Exercise:
The full listing, minus its pictures, should be printed again exactly as it stands.

----------------------------------------

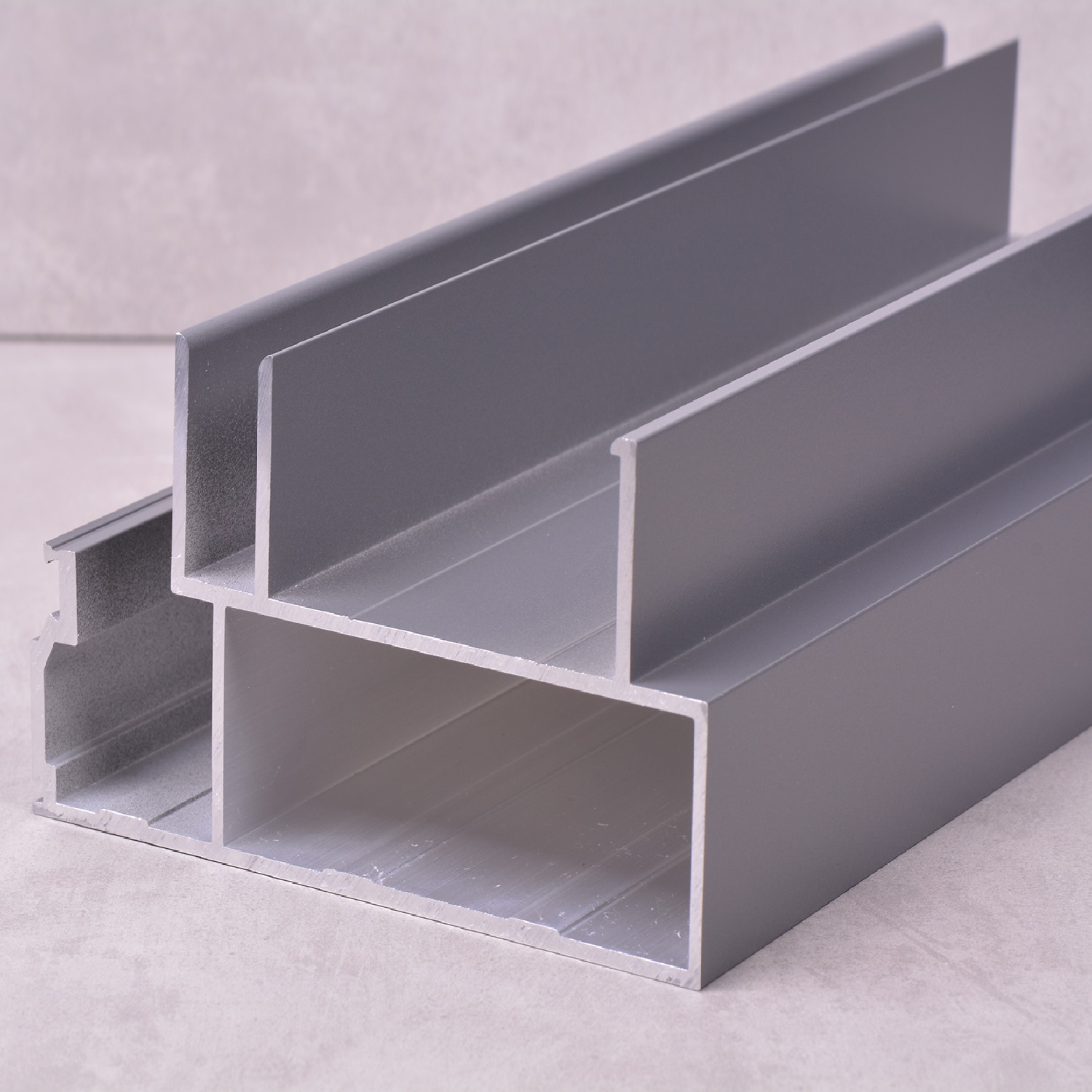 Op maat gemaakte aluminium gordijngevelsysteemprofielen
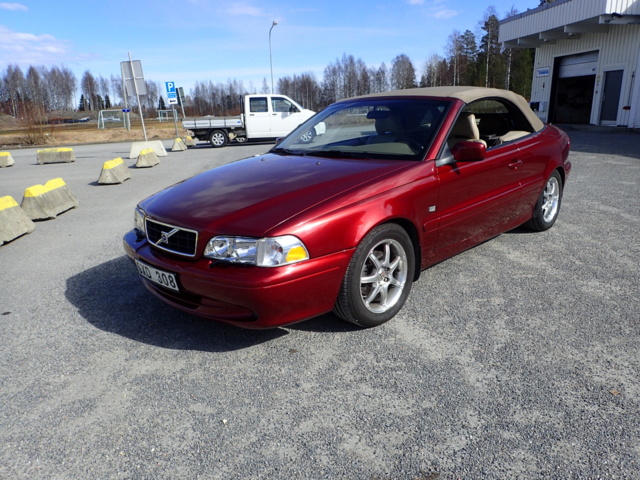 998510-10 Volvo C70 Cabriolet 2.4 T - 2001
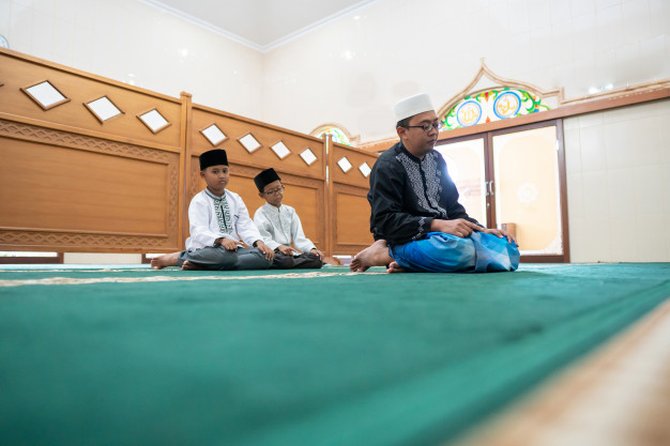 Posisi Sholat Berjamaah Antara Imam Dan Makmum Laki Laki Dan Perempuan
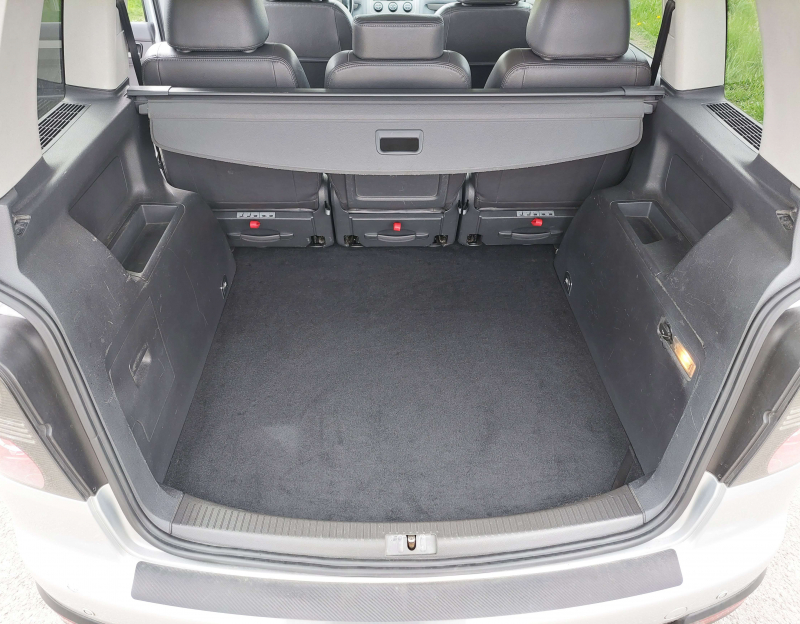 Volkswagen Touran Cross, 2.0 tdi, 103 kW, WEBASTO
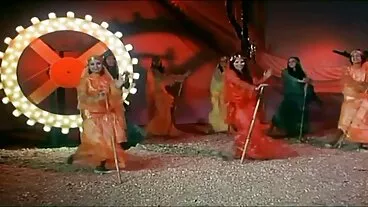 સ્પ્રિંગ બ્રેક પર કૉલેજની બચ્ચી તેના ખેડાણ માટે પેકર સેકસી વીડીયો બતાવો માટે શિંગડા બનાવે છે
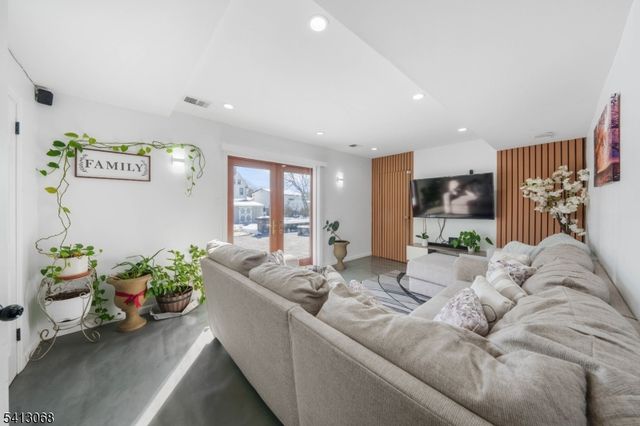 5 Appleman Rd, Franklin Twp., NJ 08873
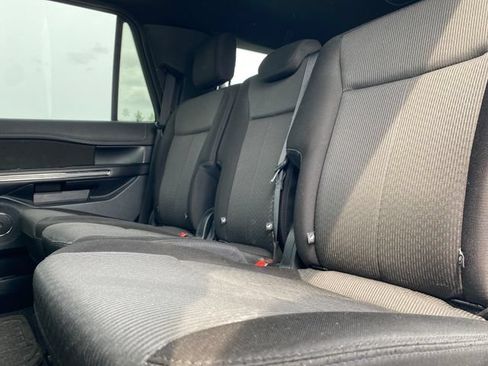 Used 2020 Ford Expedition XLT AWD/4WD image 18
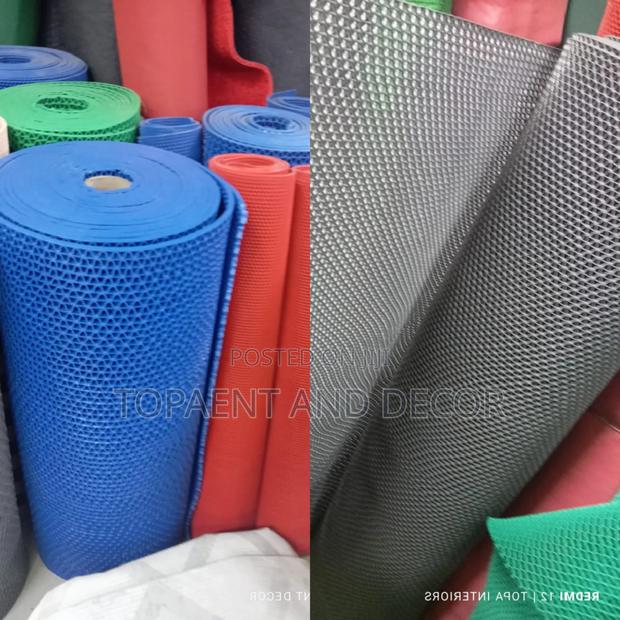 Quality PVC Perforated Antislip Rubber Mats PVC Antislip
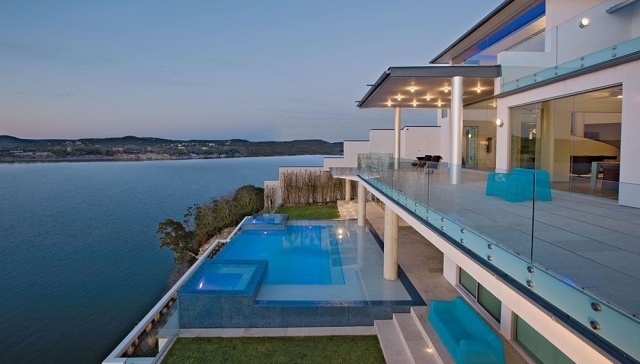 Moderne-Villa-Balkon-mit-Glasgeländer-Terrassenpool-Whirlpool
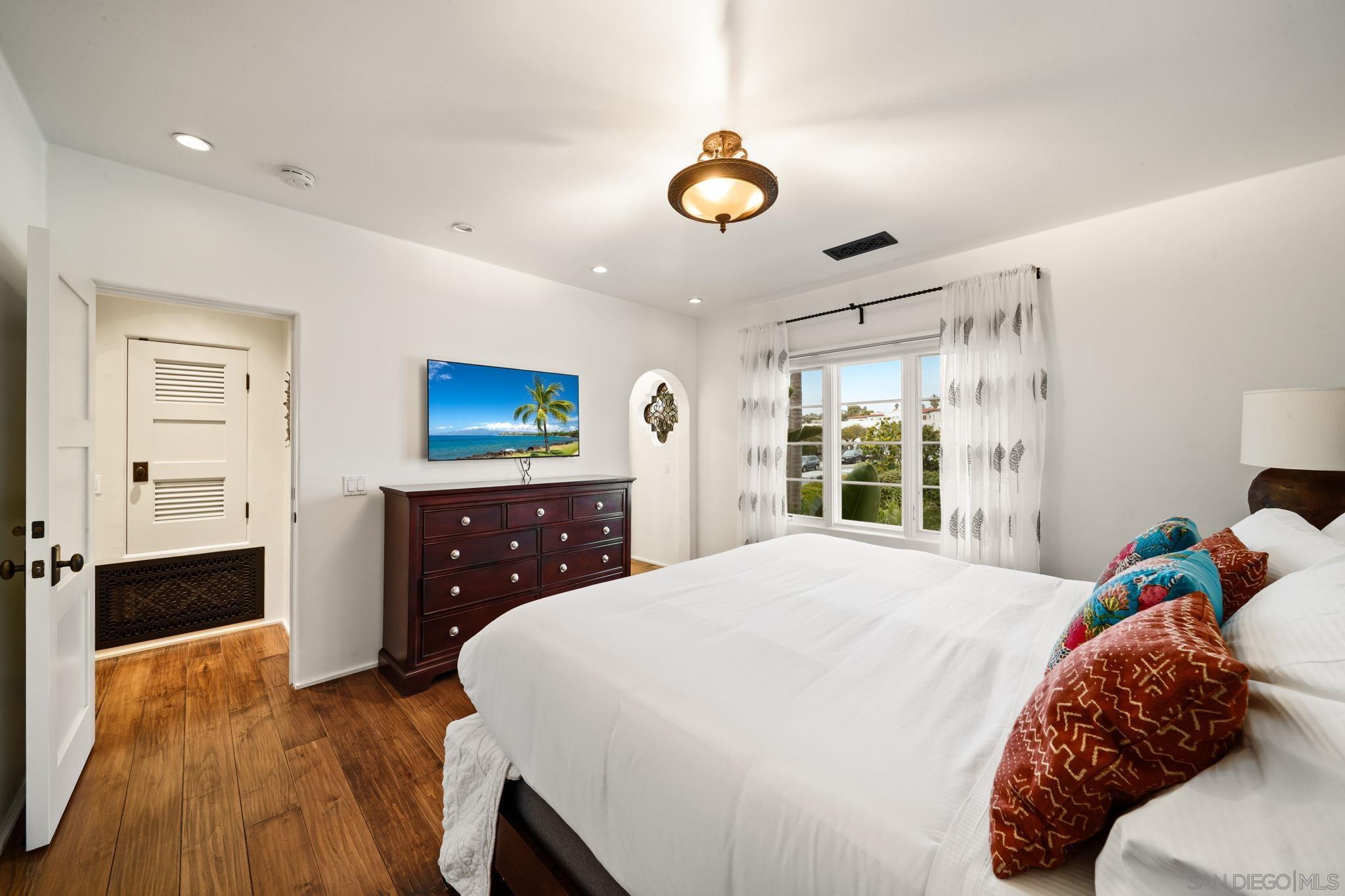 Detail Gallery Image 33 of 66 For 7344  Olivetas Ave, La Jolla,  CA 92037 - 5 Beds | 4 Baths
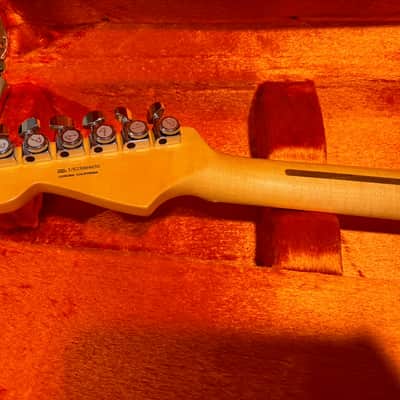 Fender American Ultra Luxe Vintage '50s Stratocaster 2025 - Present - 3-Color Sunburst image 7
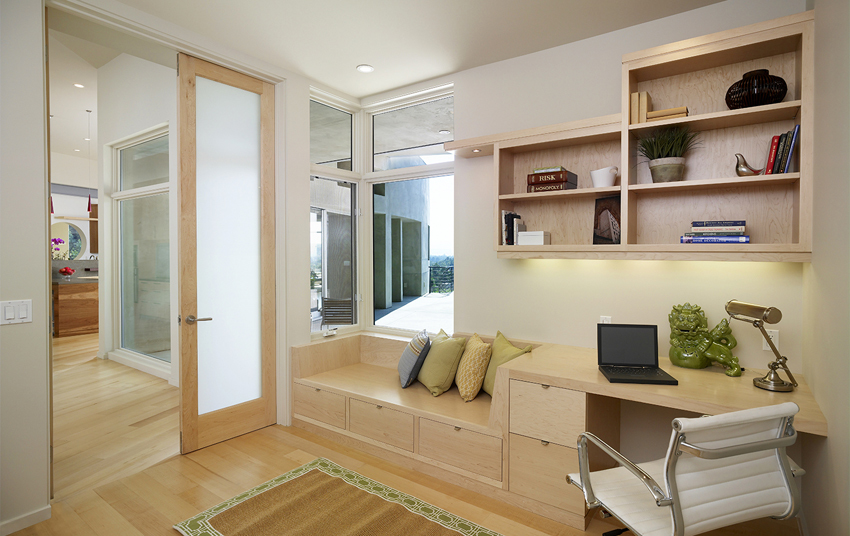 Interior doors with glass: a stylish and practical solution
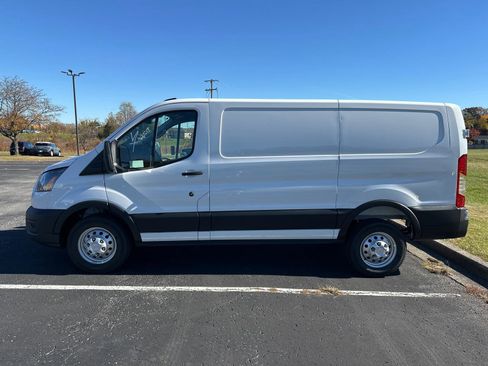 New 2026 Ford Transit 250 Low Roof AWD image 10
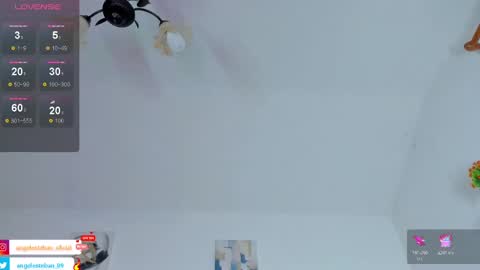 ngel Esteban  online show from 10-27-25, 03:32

----------------------------------------

Your response:
 Op maat gemaakte aluminium gordijngevelsysteemprofielen
 998510-10 Volvo C70 Cabriolet 2.4 T - 2001
 Posisi Sholat Berjamaah Antara Imam Dan Makmum Laki Laki Dan Perempuan
 Volkswagen Touran Cross, 2.0 tdi, 103 kW, WEBASTO
 સ્પ્રિંગ બ્રેક પર કૉલેજની બચ્ચી તેના ખેડાણ માટે પેકર સેકસી વીડીયો બતાવો માટે શિંગડા બનાવે છે
 5 Appleman Rd, Franklin Twp., NJ 08873
 Used 2020 Ford Expedition XLT AWD/4WD image 18
 Quality PVC Perforated Antislip Rubber Mats PVC Antislip
 Moderne-Villa-Balkon-mit-Glasgeländer-Terrassenpool-Whirlpool
 Detail Gallery Image 33 of 66 For 7344  Olivetas Ave, La Jolla,  CA 92037 - 5 Beds | 4 Baths
 Fender American Ultra Luxe Vintage '50s Stratocaster 2025 - Present - 3-Color Sunburst image 7
 Interior doors with glass: a stylish and practical solution
 New 2026 Ford Transit 250 Low Roof AWD image 10
 ngel Esteban  online show from 10-27-25, 03:32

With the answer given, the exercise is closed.